Chinese President Xi Jinping has made fighting official corruption a cornerstone of his reign.

Judging by the numbers alone, the campaign has achieved impressive results. Astonishingly, the Chinese Communist Party (CCP) has disciplined well over one million officials since Xi took power in 2012. The anti-corruption campaign has snared hundreds of high-level leaders – including, most recently, former Chongqing Communist Party General Secretary and Politburo member Sun Zhengcai.

Xi’s fight against corruption has made him enormously popular among the Chinese people. As a political scientist and close observer of Chinese politics, however, I would argue that Xi’s enthusiasm to root out corrupt officials isn’t based on his own rectitude. Indeed, Xi’s family has inexplicably managed to accumulate over $1 billion in wealth, according to reports by Bloomberg. Rather, it rests on Xi’s determination to strengthen his personal power and that of the party he leads.
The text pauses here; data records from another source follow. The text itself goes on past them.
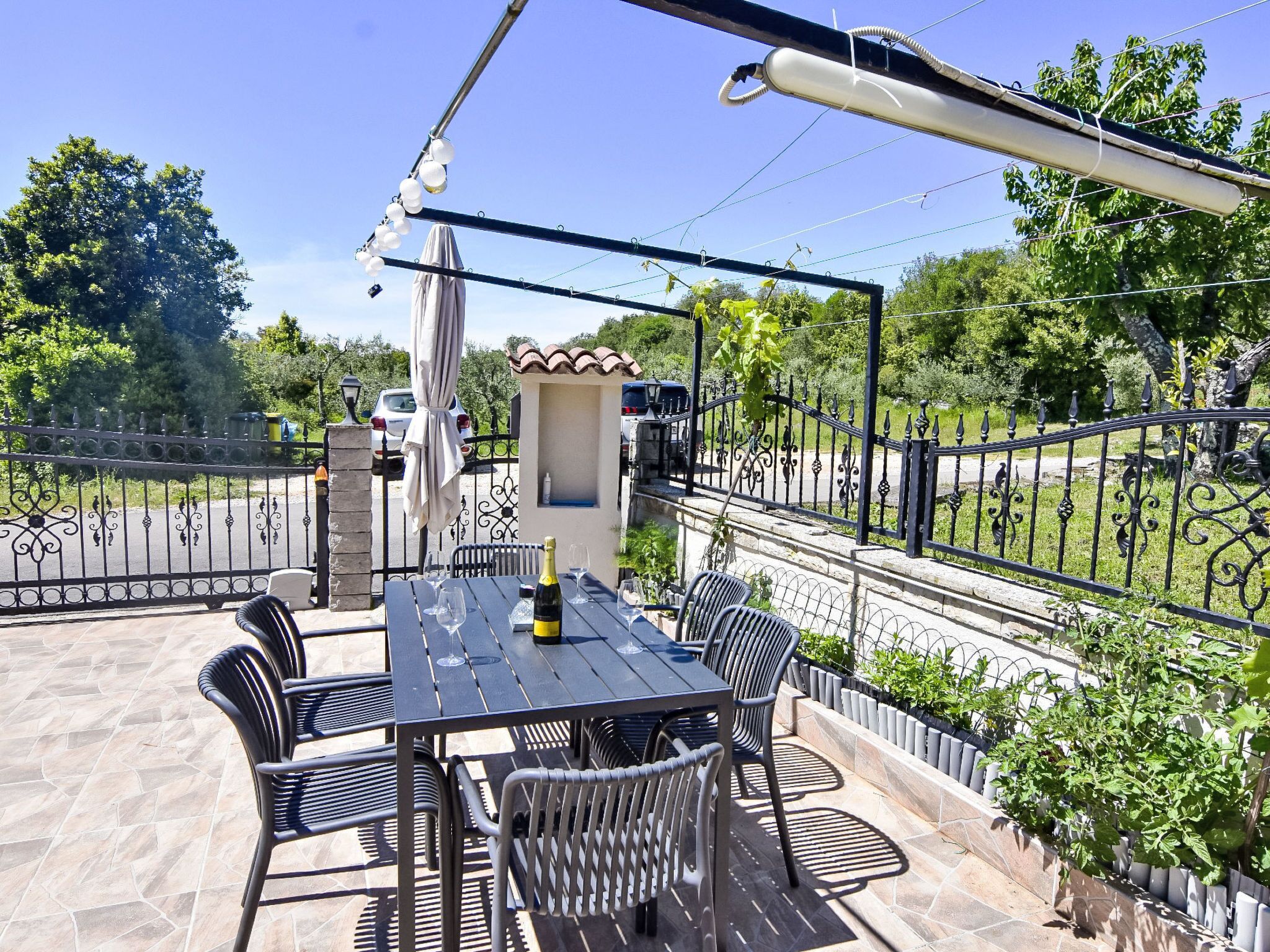 An outdoor patio with a table and chairs, a bottle of champagne, and a decorative umbrella.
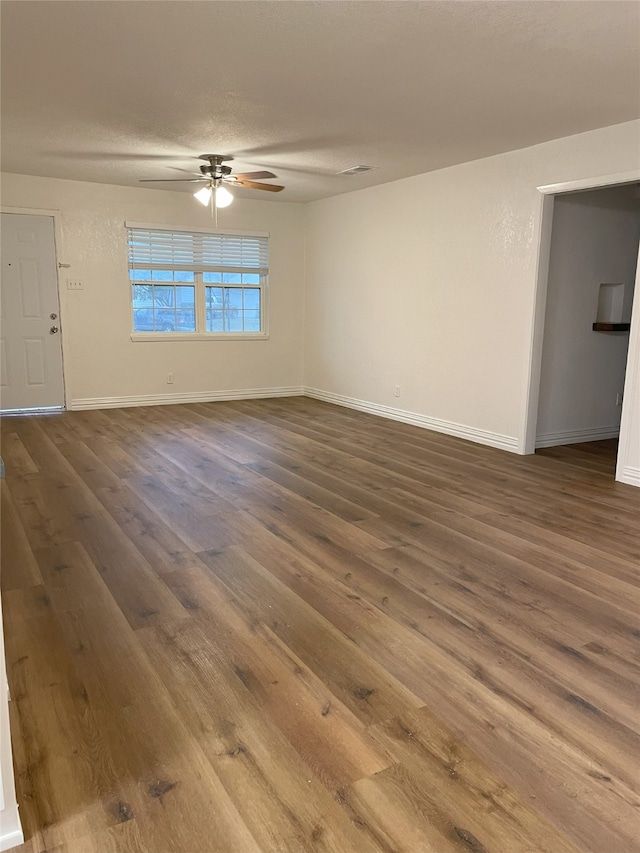 unfurnished room featuring ceiling fan, wood-type flooring, and a textured ceiling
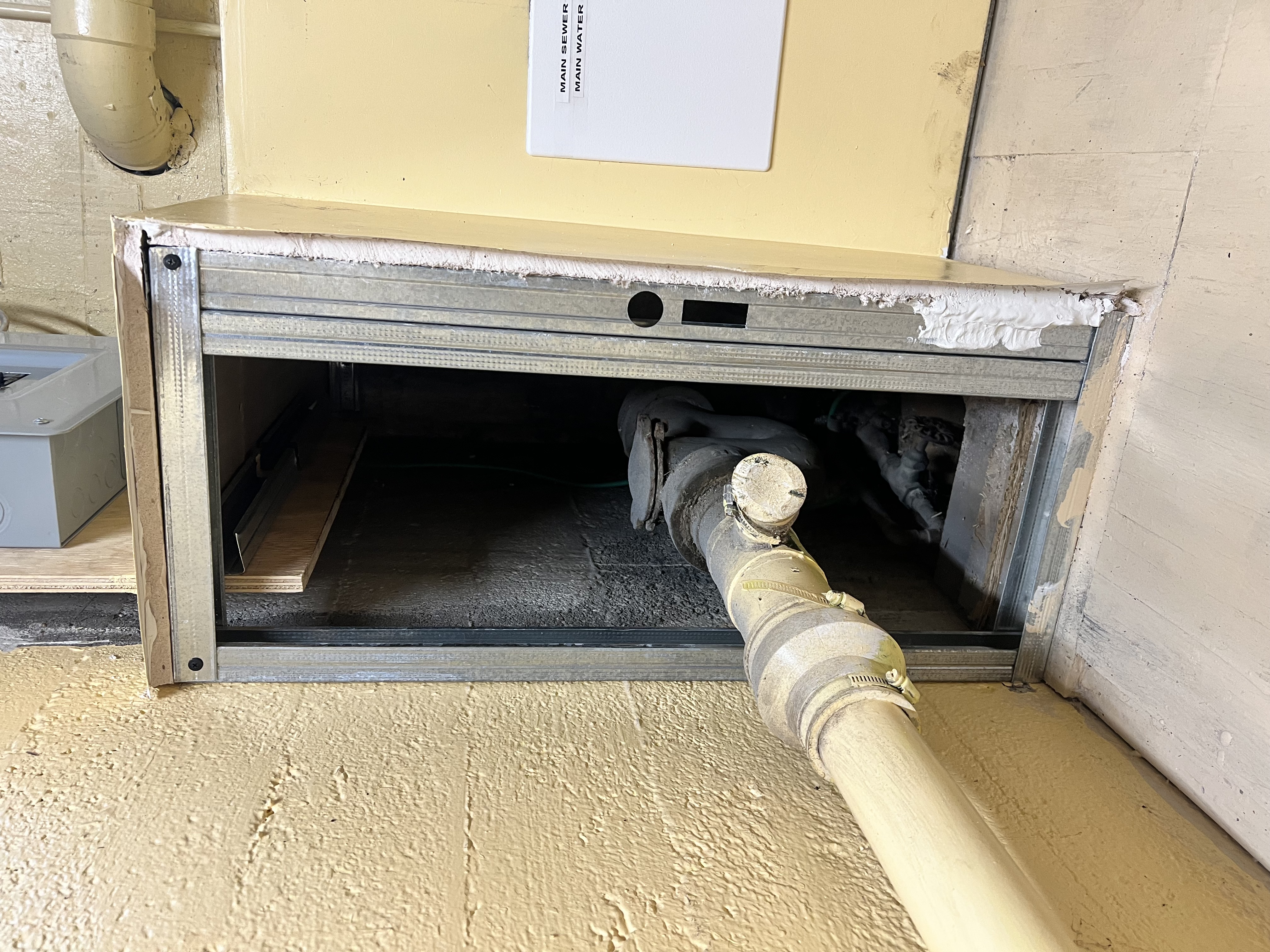 Before - exposed plumbing with no access cover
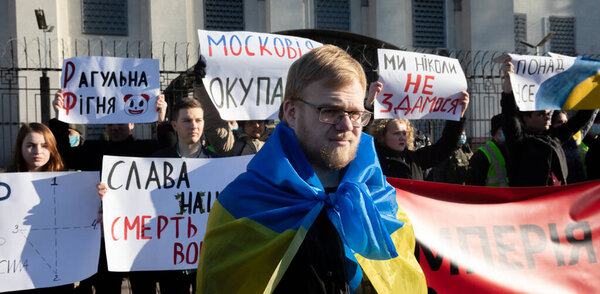 KYIV, UKRAINE - Feb. 22, 2022:  The empire must die. Protest action near the Embassy of the Russian Federation in Kiev. Text - Empire must die and Glory to the nation - death to enemies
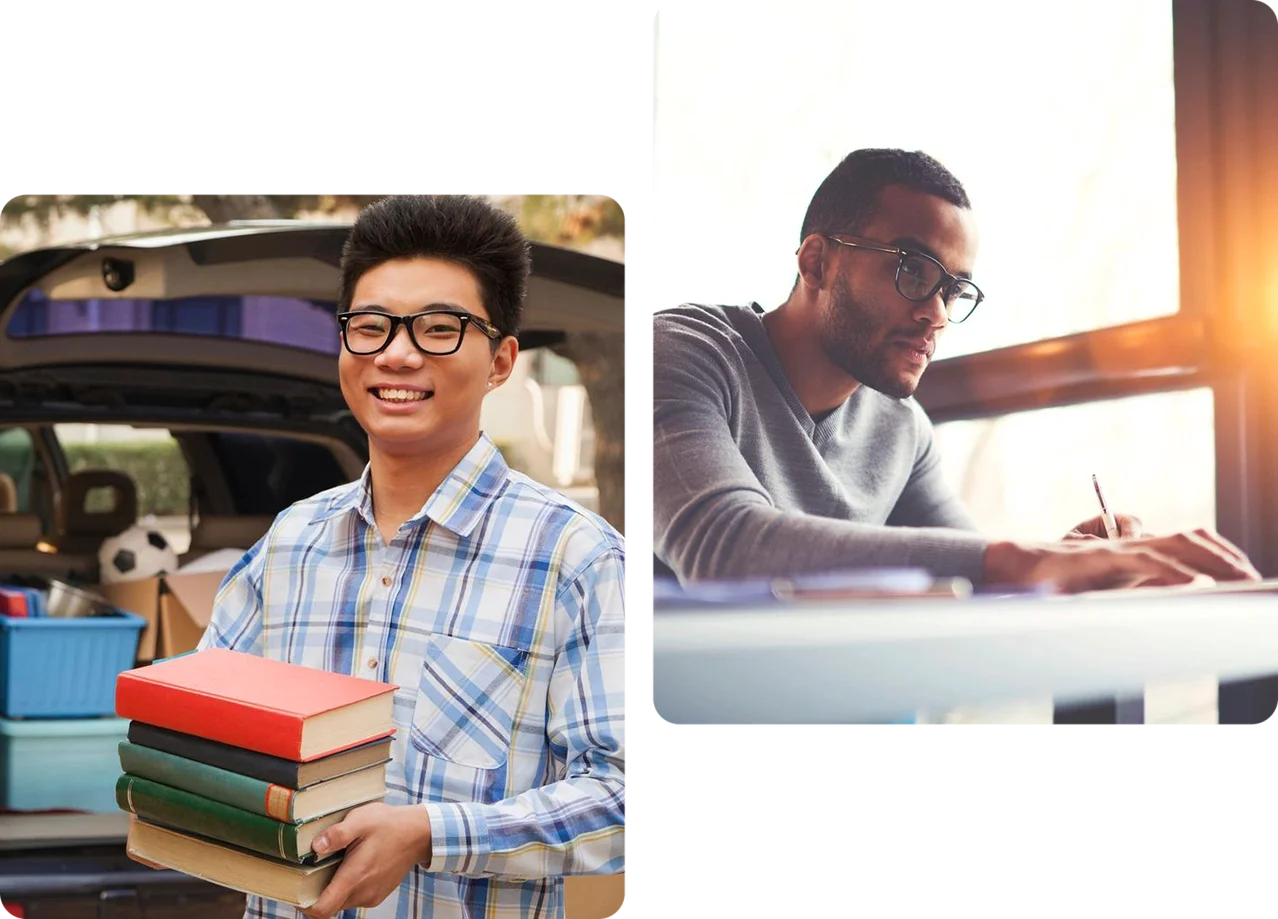 Two men are holding books and smiling.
We should pay attention. If Xi succeeds in centralizing his control over the world’s most populous country, the United States will be presented with an increasingly confident and formidable competitor.

Sun Zhengcai was one of the more prominent targets of Xi Jinping’s crackdown on corruption. AP Photo/Mark Schiefelbein

Managing corruption

Corruption is built into the structure of China’s governing institutions.Xi’s campaign is more about managing the scope and consequences of corrupt practices than rooting them out altogether.

As China scholar Minxin Pei has documented, corruption in China typically takes the form of organized schemes involving groups of bureaucrats and private business people to plunder state resources.

Corruption fuels job promotions, the awarding of government contracts and the transfer of public assets into private hands at fire sale prices. Corruption in China is rooted in the blurred lines that come with a system combining weak rule of law, considerable autonomy on the part of local officials and an economic model featuring opaque relations between private enterprise and a large state-owned sector.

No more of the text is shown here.